3. 6216 Sayılı Kanunun 50. Maddesi Yönünden
78. 6216 sayılı Kanun’un 50. maddesinin
(1) numaralı fıkrasında, esas inceleme sonunda ihlal kararı verilmesi hâlinde
ihlalin ve sonuçlarının ortadan kaldırılması için yapılması gerekenlere hükmedileceği
belirtilmiş; ancak yerindelik denetimi yapılamayacağı, idari eylem ve işlem
niteliğinde karar verilemeyeceği hüküm altına alınmıştır.

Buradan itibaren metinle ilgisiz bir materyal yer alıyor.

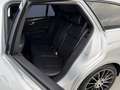 Mercedes-Benz E 200 E 200 T CDI 7G-TRONIC Avantgarde Silber - thumbnail 9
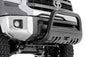 tundra-bullbar_3.jpg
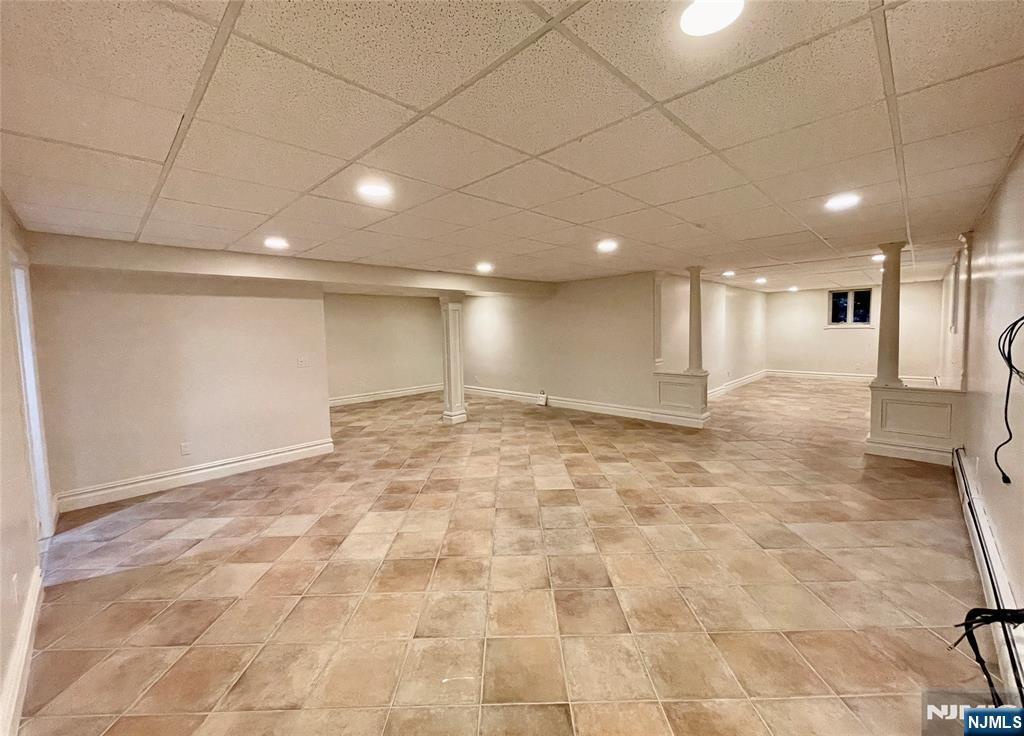 377 Ruckman Road Closter, NJ 07624 - Photo 21 of 22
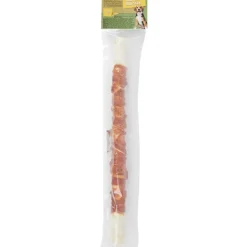 Whiskas Hondensnack Online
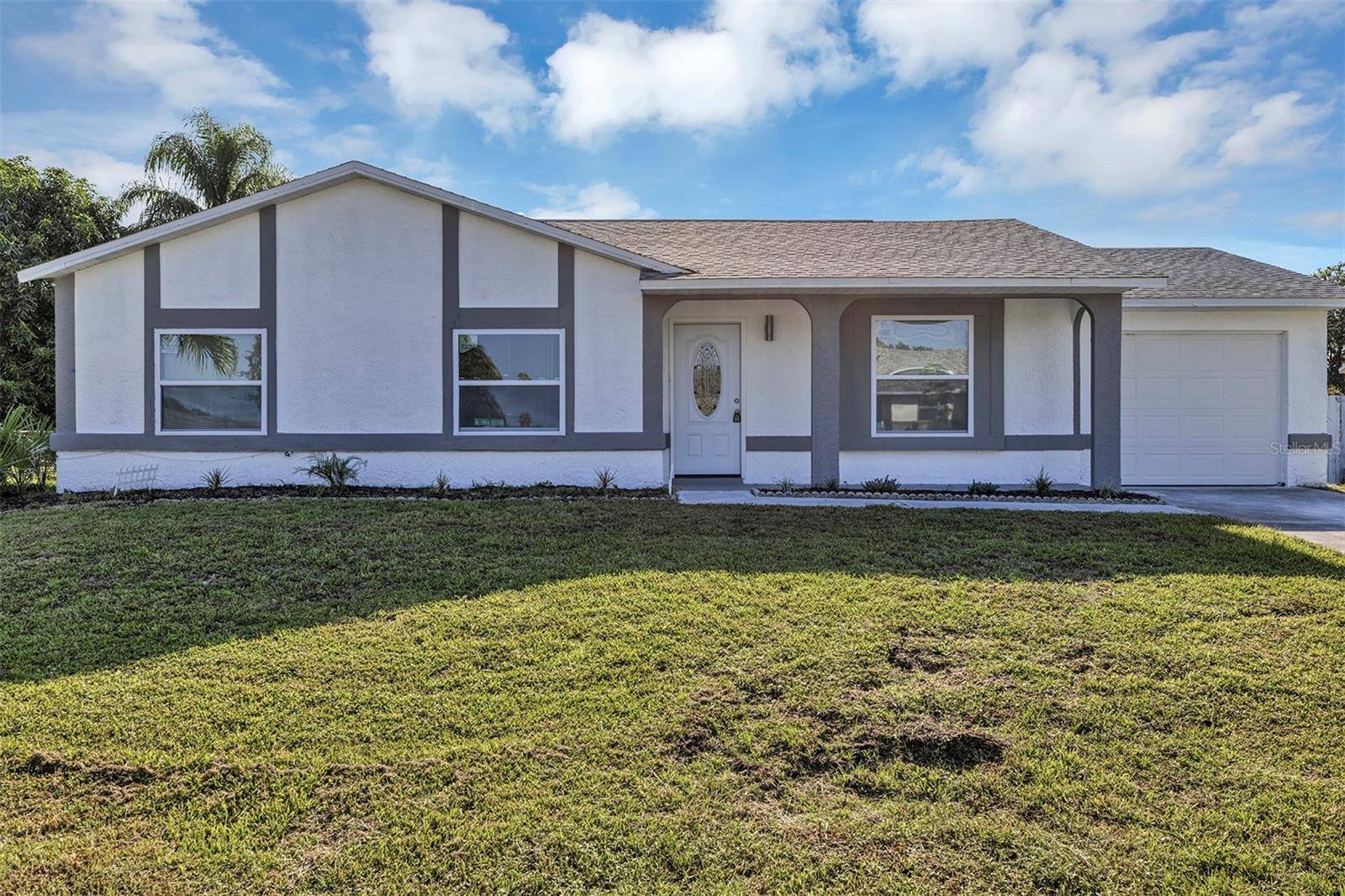 1099 DUSSELDORF AVE NW, PALM BAY, FL, 32907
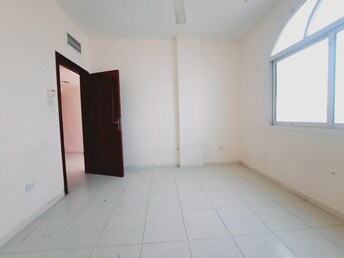 1 BR Apartment For Rent in Muwaileh Building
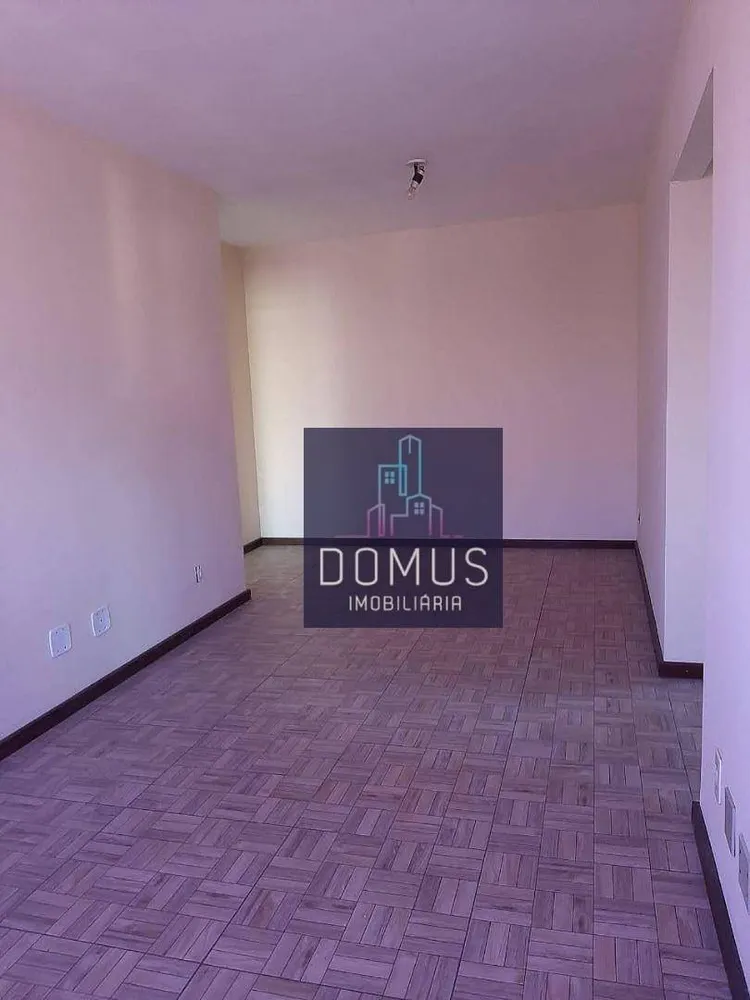 Apartamento, 2 quartos, 57 m² - Foto 9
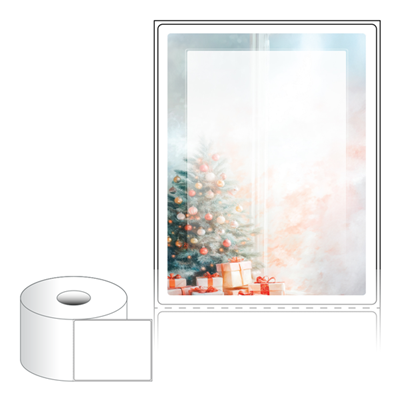 동일규격 아이스틱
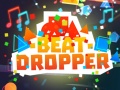 Spil Beat Dropper online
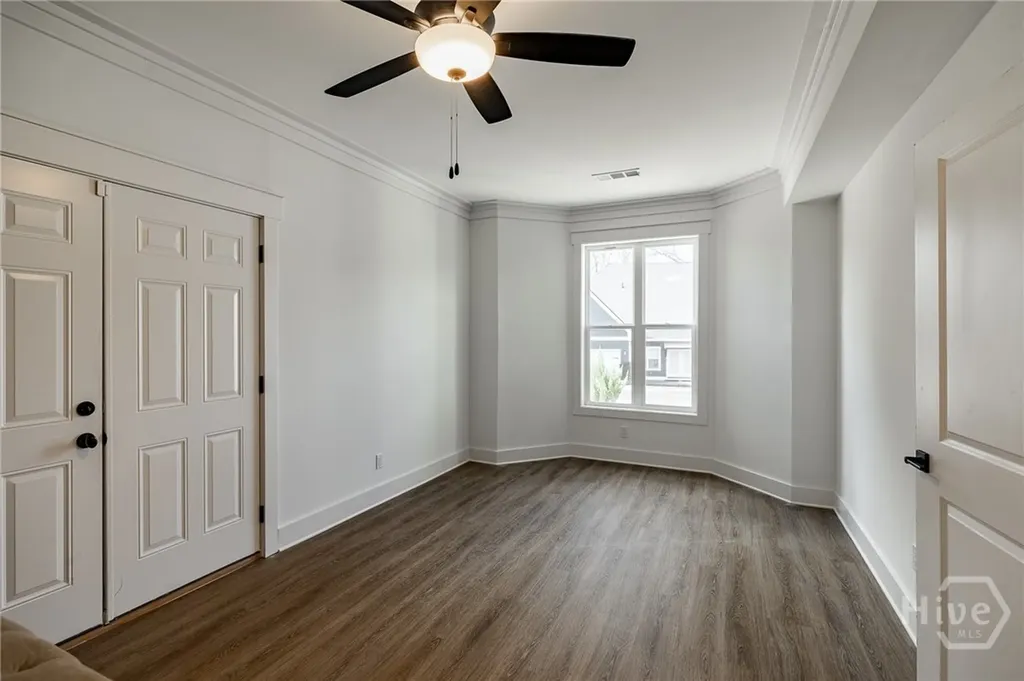 105 Red Bluff Drive Athens GA 30607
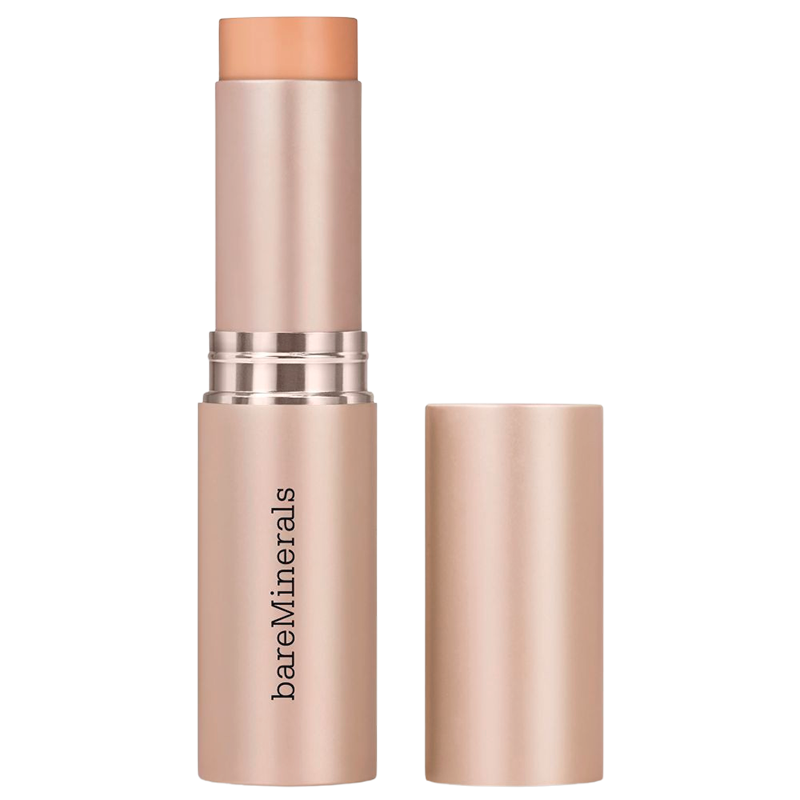bareMinerals Complexion Rescue Hydrating Foundation Stick SPF 25 Tan 07 (10 g)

79. Başvuruda, Anayasa’nın 36.
maddesinin ihlal edildiği sonucuna varılmıştır.
80. Başvurucu, mağduriyetinin
giderilmesi amacıyla yeniden yargılama yapılmasının sağlanmasını, lehine
30.000,00 TL manevi ve cezaevinde kalacağı süre dikkate alınarak mahrum kalınan
kazanç oranında 161.730,45 TL maddi tazminat ile yargılama ücret ve giderlerine
hükmedilmesini; başvuru dosyası üzerindeki incelemenin duruşmalı yapılmasını
talep etmektedir.
81. Anayasa Mahkemesi başvurucunun
sadece ihlal tespitiyle telafi edilemeyecek ölçüde manevi zarar görmüş olduğunu
kabul etmektedir. Dolayısıyla, davaya ilişkin olayları dikkate alarak
başvurucuya takdiren 14.950,00 TL manevi tazminat
ödenmesine karar verilmesi gerekir.
82. Başvurucu tarafından yapılan ve
dosyadaki belgeler uyarınca tespit edilen 198,35 başvuru harcı ve 1.500,00 TL
vekâlet ücretinden oluşan toplam 1.698,35 TL yargılama giderinin başvurucuya
ödenmesine karar verilmesi gerekir.
V. HÜKÜM
Açıklanan
gerekçelerle;
A. Başvurunun,
1. Davada
verilen hükmün silahların eşitliği ilkesini ihlal ettiği yönünden ileri sürülen
iddialar bakımından “açıkça dayanaktan
yoksun” olması nedeniyle KABUL EDİLEMEZ OLDUĞUNA,
2.
Yargılamanın makul süreyi aştığına yönelik iddia bakımından KABUL EDİLEBİLİR
OLDUĞUNA,
B. Yargılamanın makul süreyi aşması nedeniyle Anayasa’nın 36.
maddesinin İHLAL EDİLDİĞİNE,
C. Başvurucuya 14.950,00 TL manevi TAZMİNAT ÖDENMESİNE,
D. Başvurucu tarafından yapılan 198,35 TL başvuru harcı ve 1.500,00
TL vekâlet ücretinden oluşan toplam 1.698,35 TL yargılama giderinin BAŞVURUCUYA
ÖDENMESİNE,
E. Ödemelerin, kararın tebliğini takiben başvurucuların Maliye
Bakanlığına başvuru tarihinden itibaren dört ay içinde yapılmasına; ödemede
gecikme olması halinde, bu sürenin sona erdiği tarihten ödeme tarihine kadar
geçen süre için yasal faiz uygulanmasına,
16/7/2014 tarihinde OY BİRLİĞİYLE karar verildi.